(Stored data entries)
..............................
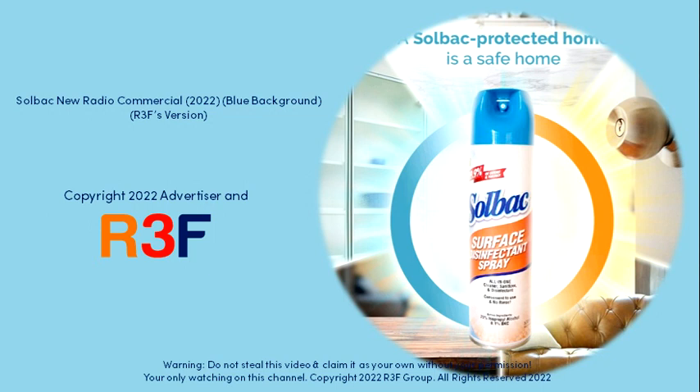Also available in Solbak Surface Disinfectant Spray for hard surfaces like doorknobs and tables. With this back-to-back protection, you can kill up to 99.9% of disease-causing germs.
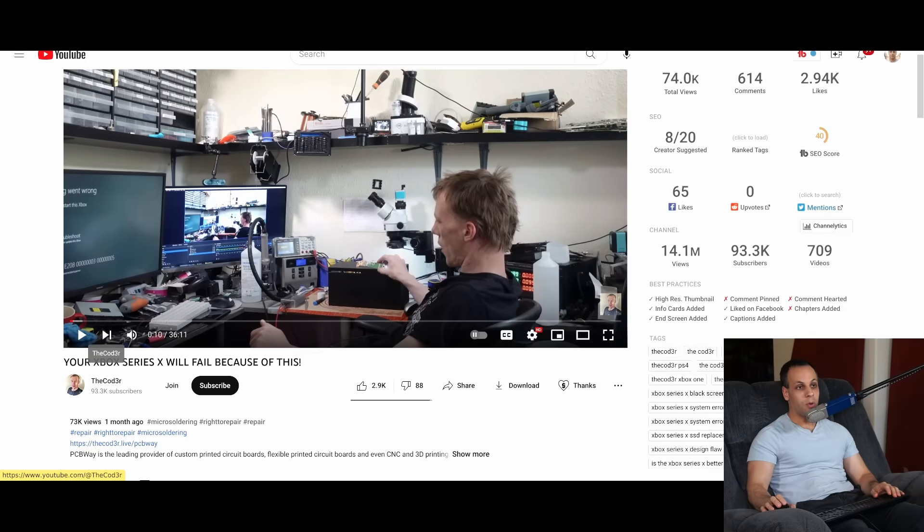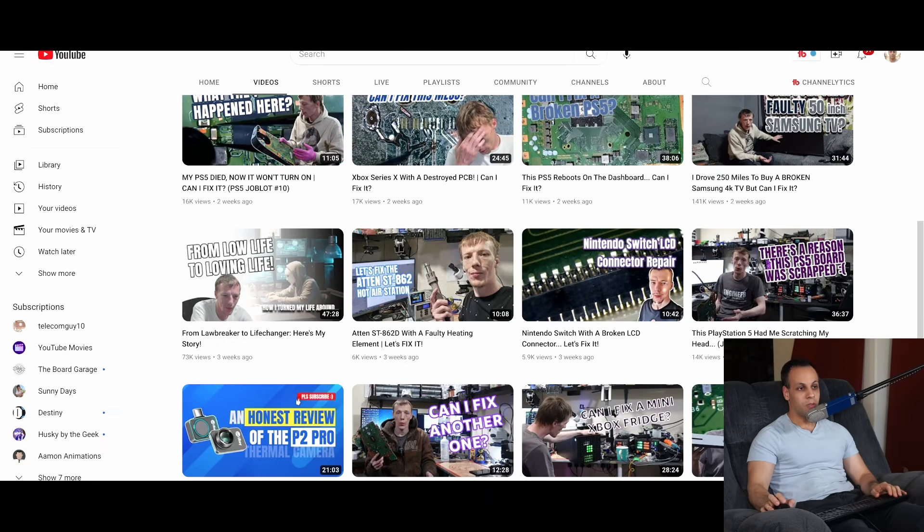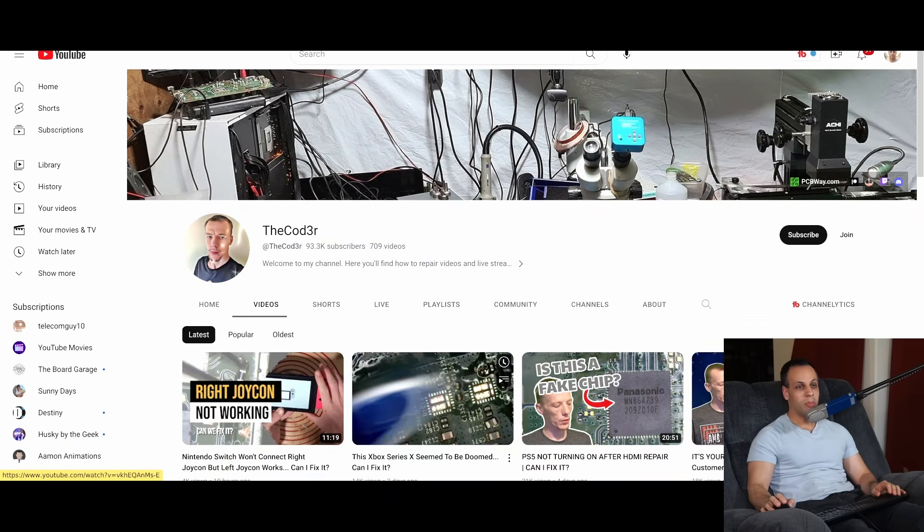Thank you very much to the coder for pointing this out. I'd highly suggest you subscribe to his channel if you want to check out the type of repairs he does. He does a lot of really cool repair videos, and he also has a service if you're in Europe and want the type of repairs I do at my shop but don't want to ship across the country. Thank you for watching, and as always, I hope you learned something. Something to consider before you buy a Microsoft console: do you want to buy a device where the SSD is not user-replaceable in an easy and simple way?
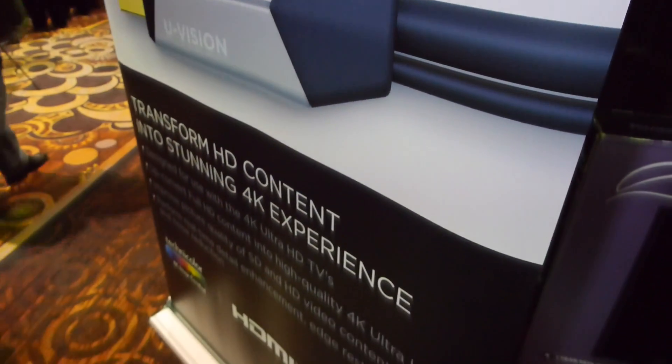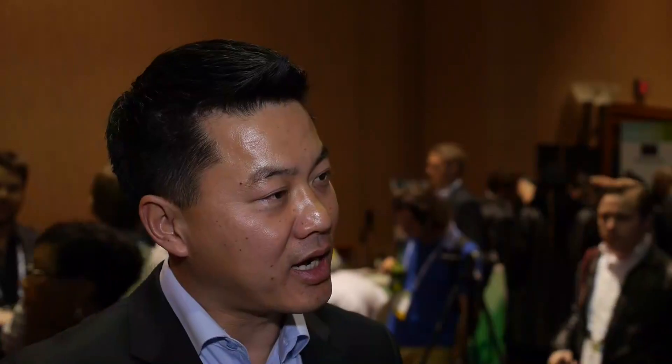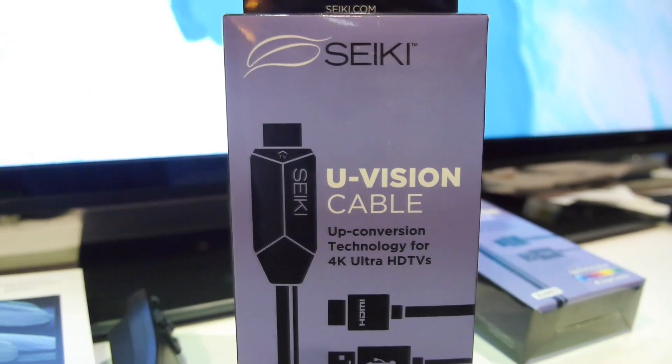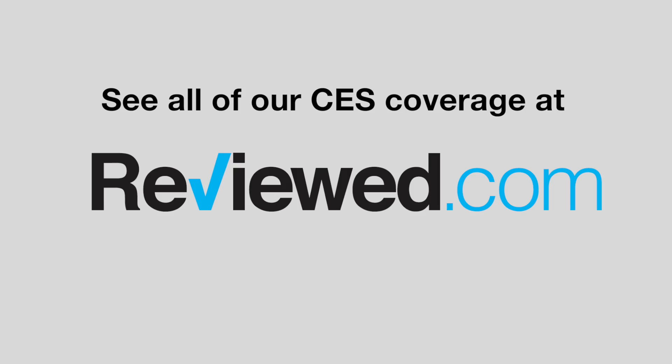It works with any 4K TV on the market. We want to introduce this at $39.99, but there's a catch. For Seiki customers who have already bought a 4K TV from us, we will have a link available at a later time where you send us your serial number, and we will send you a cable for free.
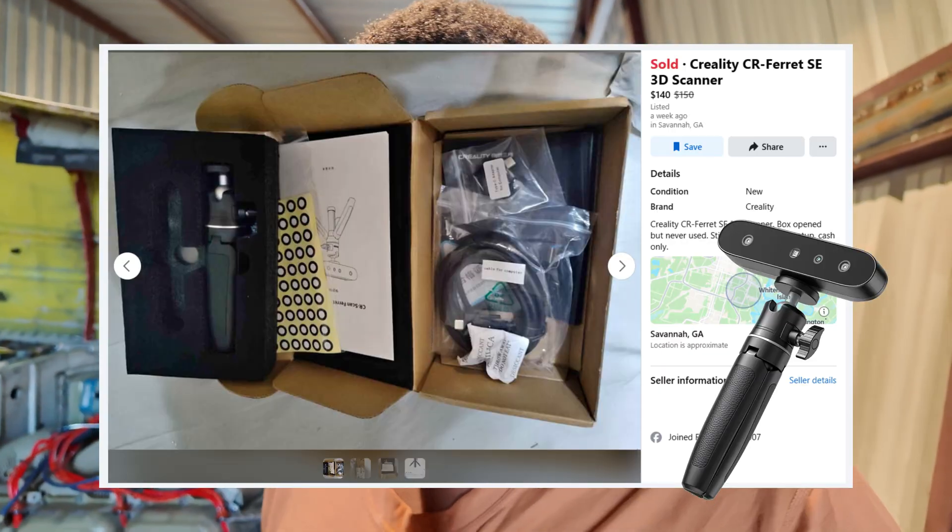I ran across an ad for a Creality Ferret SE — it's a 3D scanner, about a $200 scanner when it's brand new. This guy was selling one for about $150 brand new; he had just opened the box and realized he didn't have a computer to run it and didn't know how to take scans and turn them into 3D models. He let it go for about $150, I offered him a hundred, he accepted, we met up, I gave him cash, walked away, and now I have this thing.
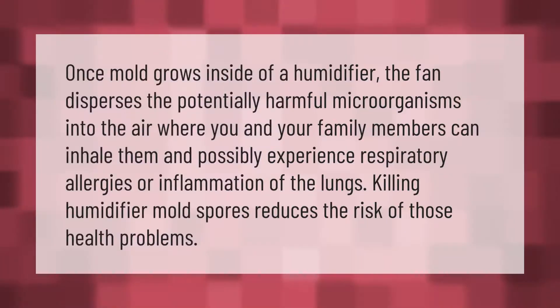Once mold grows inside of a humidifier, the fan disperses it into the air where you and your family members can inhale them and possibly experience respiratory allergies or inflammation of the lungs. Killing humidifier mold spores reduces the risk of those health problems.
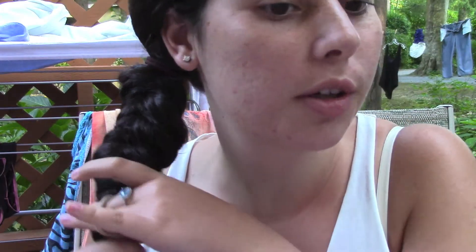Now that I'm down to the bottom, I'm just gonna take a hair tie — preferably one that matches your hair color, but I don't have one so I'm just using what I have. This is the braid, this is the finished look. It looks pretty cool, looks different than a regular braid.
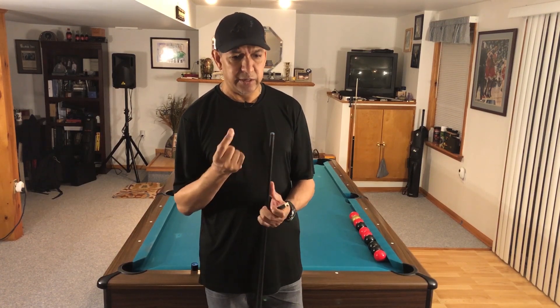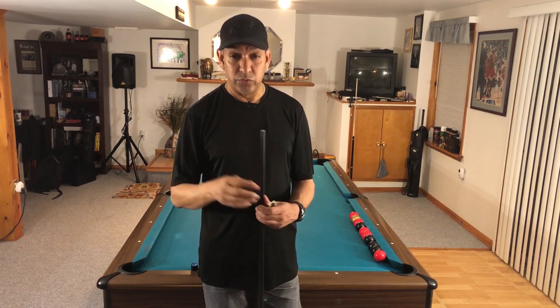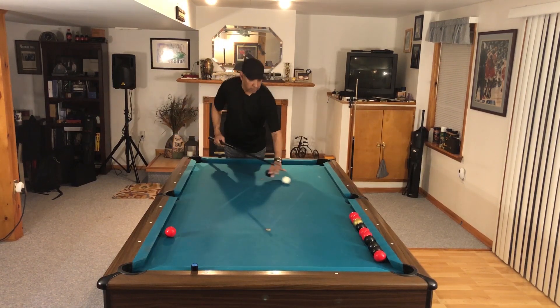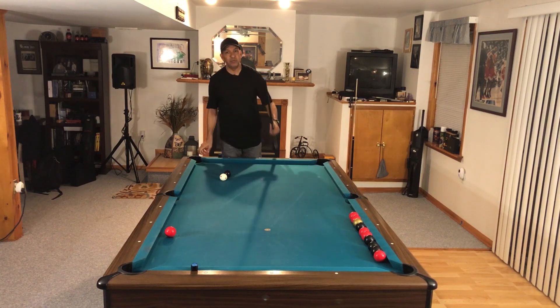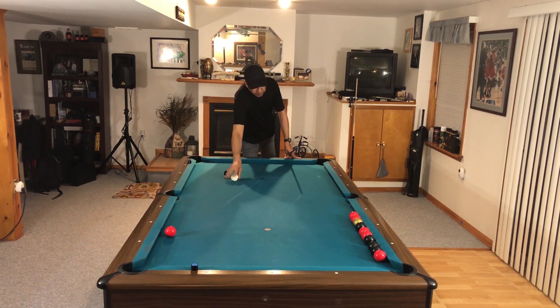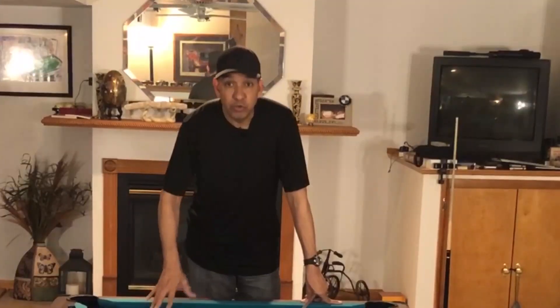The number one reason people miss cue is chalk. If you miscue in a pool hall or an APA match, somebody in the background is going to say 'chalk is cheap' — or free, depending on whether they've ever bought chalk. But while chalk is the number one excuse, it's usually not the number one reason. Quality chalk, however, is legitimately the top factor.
..............................
Print exactly the lines running from the start of the entries above to the line with "It works with", both included; leave out any pictures.

Also available in Solbak Surface Disinfectant Spray for hard surfaces like doorknobs and tables. With this back-to-back protection, you can kill up to 99.9% of disease-causing germs.
Thank you very much to the coder for pointing this out. I'd highly suggest you subscribe to his channel if you want to check out the type of repairs he does. He does a lot of really cool repair videos, and he also has a service if you're in Europe and want the type of repairs I do at my shop but don't want to ship across the country. Thank you for watching, and as always, I hope you learned something. Something to consider before you buy a Microsoft console: do you want to buy a device where the SSD is not user-replaceable in an easy and simple way?
It works with any 4K TV on the market. We want to introduce this at $39.99, but there's a catch. For Seiki customers who have already bought a 4K TV from us, we will have a link available at a later time where you send us your serial number, and we will send you a cable for free.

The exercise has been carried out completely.